IL CESTO DI IRVING – Dopo Curry ecco Irving, dal nome ecclesiastico, un Kyrie che ne ha messi 57. Ci sono piaciuti al Mondiale, ma nella NBA sono davvero magici. Sarà per questi tipi dalla mano caliente che D’Antoni ha dovuto confessare che il basket più tattico si gioca oltre Oceano e non in Europa. Lui ne sa qualcosa. Peccato che i mattatori delle sue squadre fossero tutti finti o in menopausa, insomma rotti dentro, mentre erano gli altri ed avere l’uomo da tanti punti. ”Il brutto -dice Arsenio – è che se limiti il migliore, poi devi temere anche gli altri quattro”. Per questo si chiama gioco di squadra. Faglielo capire a certa gente.

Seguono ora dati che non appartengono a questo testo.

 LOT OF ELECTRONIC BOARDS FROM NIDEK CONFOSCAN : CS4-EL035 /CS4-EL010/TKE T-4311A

GIOVANI ITALIANI – Sul Washington Post nelle pagine locali un titolone per Livio Caputo, giovane talento cresciuto a Roma ma approdato in un liceo che gli ha permesso di vincere il titolo regionale. Per i suoi 20 punti un cinque colonne non sfuggito, come capita a qualche nostro sporadico intervento sul Giornale, alla rassegna stampa. È un regista, ha la luce negli occhi come giura l’omonimo Livio che ha viaggiato tanto tempo con noi al Giornale, lui in prima classe, noi nella stiva dello sport visto in maniera un po’ diversa dai tenutari di oggi.

OSSOLA PER LORO – Tony Damascelli, un altro compagno di viaggio al Giornale, ai tempi in cui Alfio Caruso, dopo il luminoso ferrarese Carlo Grandini, dirigeva lo sport amandolo davvero, creando storie, personaggi, valorizzando tutto, con magie tipiche di chi sa proporre le cose, ha trovato spazio per i 70 anni di Aldo Ossola, raccontando la Varese dell’impero nel basket, ma bella e vitale pure nel calcio. Ossola e la sua avversione verso Milano, anche se ha giocato per l’altra squadra che nel regno dei canestri tentava di far deragliare l’Orient Express del Simmenthal, cosa che accadde quando un pullover di cachemire non bastava più. Una storia che ha riunito da Bulgheroni la vecchia Ignis del Von Karajan amato dal nostro caro Grigoletti. Puntata dei tristi, ma anche meravigliosi, ricordi. Abbiate pazienza e considerate che ad un certa età si compatisce, non si condanna.